- _EXERCISE DETAILS_:
All the lines below should appear again unchanged, though their pictures should not.

** Opening RECORDS PROVIDED block **

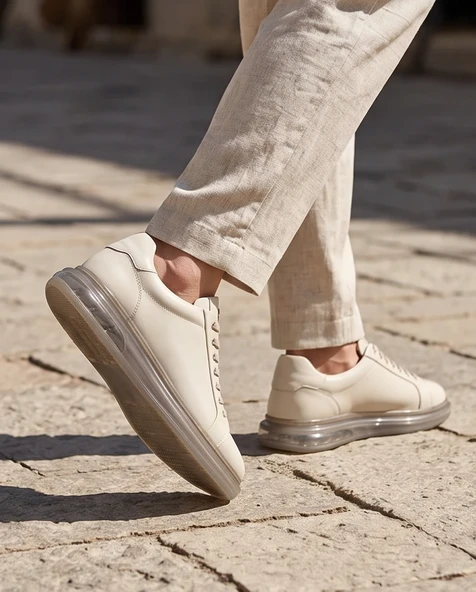 2274-Zanelle Hakiki Full Duble Deri Üst Kalite Premıum Erkek Sneaker Ayakkabı ürün görseli 1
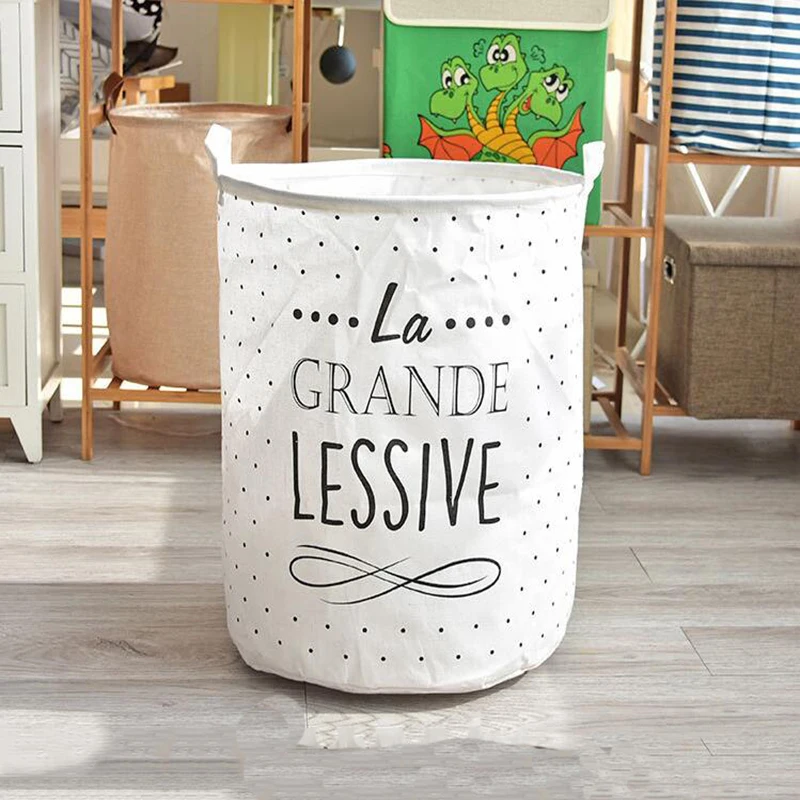 Large Capacity Cotton Linen Laundry Bucket for Dirty Clothes Waterproof Folding Toy Organizer Storage Basket Home Organizer
Large Capacity Cotton Linen Laundry Bucket for Dirty Clothes Waterproof Folding Toy Organizer Storage Basket Home Organizer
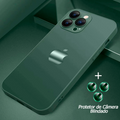 Capinha para iPhone de Vidro Temperado Transparente Crystal Glass + Protetor de Câmera Grátis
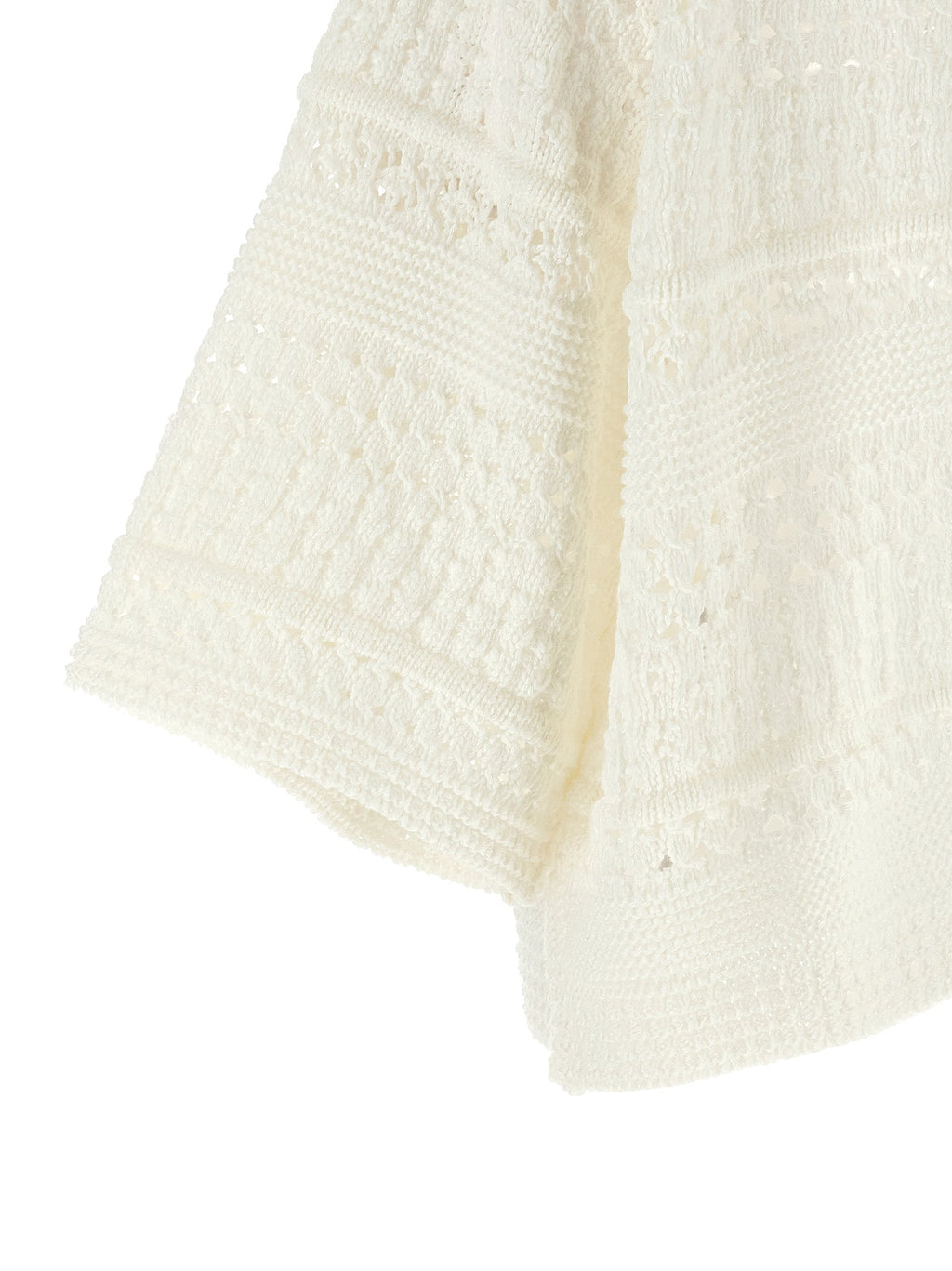 Max Mara White Cotton Cardigan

** Closing RECORDS PROVIDED block **

- _RESPONSE_:
 2274-Zanelle Hakiki Full Duble Deri Üst Kalite Premıum Erkek Sneaker Ayakkabı ürün görseli 1
 Large Capacity Cotton Linen Laundry Bucket for Dirty Clothes Waterproof Folding Toy Organizer Storage Basket Home Organizer
Large Capacity Cotton Linen Laundry Bucket for Dirty Clothes Waterproof Folding Toy Organizer Storage Basket Home Organizer
 Capinha para iPhone de Vidro Temperado Transparente Crystal Glass + Protetor de Câmera Grátis
 Max Mara White Cotton Cardigan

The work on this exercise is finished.